A Massachusetts high school released a statement Thursday addressing local outrage over the decision to recite a Muslim poem, and not the Pledge of Allegiance, during the school’s memorial observance of September 11th.
In the statement addressing the angered parents, Concord-Carlisle High School Principal Peter Badalament wrote: “We had the well-being of students at the forefront of our thinking when we chose to acknowledge 9/11 by reading a poem that focused on cross-cultural understanding rather than unsettling words and images associated with the event.”
The poem in question, “My Grandmother Washes her Feet in the Sink of the Bathroom at Sears,” by Mohja Kahf, was read aloud over the school intercom on Wednesday.
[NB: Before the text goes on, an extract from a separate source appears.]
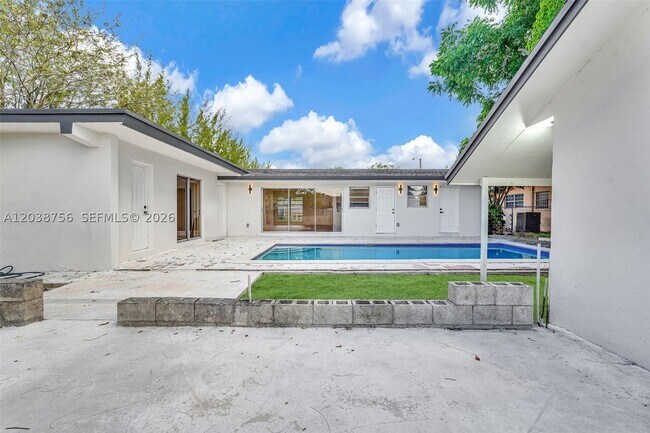 Building Photo - 8201 SW 42nd St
Despite rumors that it was a Muslim prayer, Badalament said, “to be clear, it was not.”
Kahf, a Syrian-born American, wrote the poem in 2003 as a story about her grandmother performing the Muslim ritual of washing her feet, but doing so at a Sears department store so that she would not miss the religion’s mandatory prayer time.
The poem was read as part of the school’s commitment “to integrating an inclusive and positive culture for all members of the school community,” the principal said.
As for why the Pledge was not recited on Wednesday, Badalament explained that the designated pledge reader had an “internship commitment” and was unavailable to perform the task. “This was our responsibility to know,” the principal said. “We humbly apologize that this oversight and communication gap occurred.”